Appellant contends that in the judgment on the mandate appellees had a mortgage which they 'must foreclose and which could not be satisfied by execution because the court used the words “equity of redemption.” The answer to this is that the judgment obtained by appellees is plainly a money judgment which the equity court had the power to give (Tomsik v. Tomsik, 78 Neb. 103, 110 N. W. 674; Knotts v. Crossly, 1 Neb. (Unof.) 730, 95 N. W. 848) and for which execution may be awarded. Cochran v. Cochran, 1 Neb. (Unof.) 508, 95 N. W. 778. The equity of redemption or right of redemption is the interest of defendant Charles L. Wood remaining after payment of appellees’ judgment lien. Comp. St. 1929, sec. 20-1530. This interest appellant had the right to sell upon' execution and satisfy *179its lien. The law is well settled that inquiry cannot be made into the merits of the judgment on the mandate in this proceeding. Beatrice Paper Co. v. Beloit Iron Works, 46 Neb. 900, 65 N. W. 1059; Hoover v. Hale, 56 Neb. 67, 76 N. W. 457; 23 C. J. 663.
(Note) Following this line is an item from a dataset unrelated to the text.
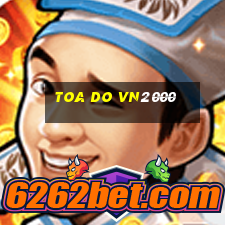 toa do vn2000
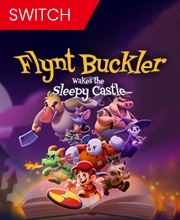 Flynt Buckler Wakes the Sleepy Castle Switch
We conclude that the notice conforms to the decree, but that' the sale conforms to neither. The object of a notice of sale is to inform the public of the nature and conditions of the property to be sold and of the time, place and terms of the sale. They are given for the purpose of securing bidders and to prevent a sacrifice of the property. Notice is requisite by reason of positive statutory enactment, section 20-1529, Comp. St. 1929, and by reason of the policy of the law. 10 R. C. L. 1291, see. 87. If the sale must conform to the decree, then the notice must conform to the decree. A fortiori, the sale must conform to both. When lands are sold by the sheriff upon execution, the sale must be conducted substantially in the manner prescribed by the notice and in accordance with the decree in order that the rights of the parties in interest may not be prejudiced thereby. The court should refuse to confirm a sale of lands under execution where it is evident from the notice, return of the sheriff and the decree, upon proper objections filed by parties in interest entitled to raise the question, that the sale was not conducted substantially in the manner prescribed by the notice and in accordance with the decree.

Appellees having a first lien and an execution for the satisfaction thereof were entitled to have the property sold to satisfy the same, and appellant was entitled to have any interest remaining thereafter sold for the purpose of satisfying its lien under its execution. In other words, the property should have been sold on the executions as provided in the notice and decree in order that appellees could first be paid and appellant might apply the amount remaining upon its judgment.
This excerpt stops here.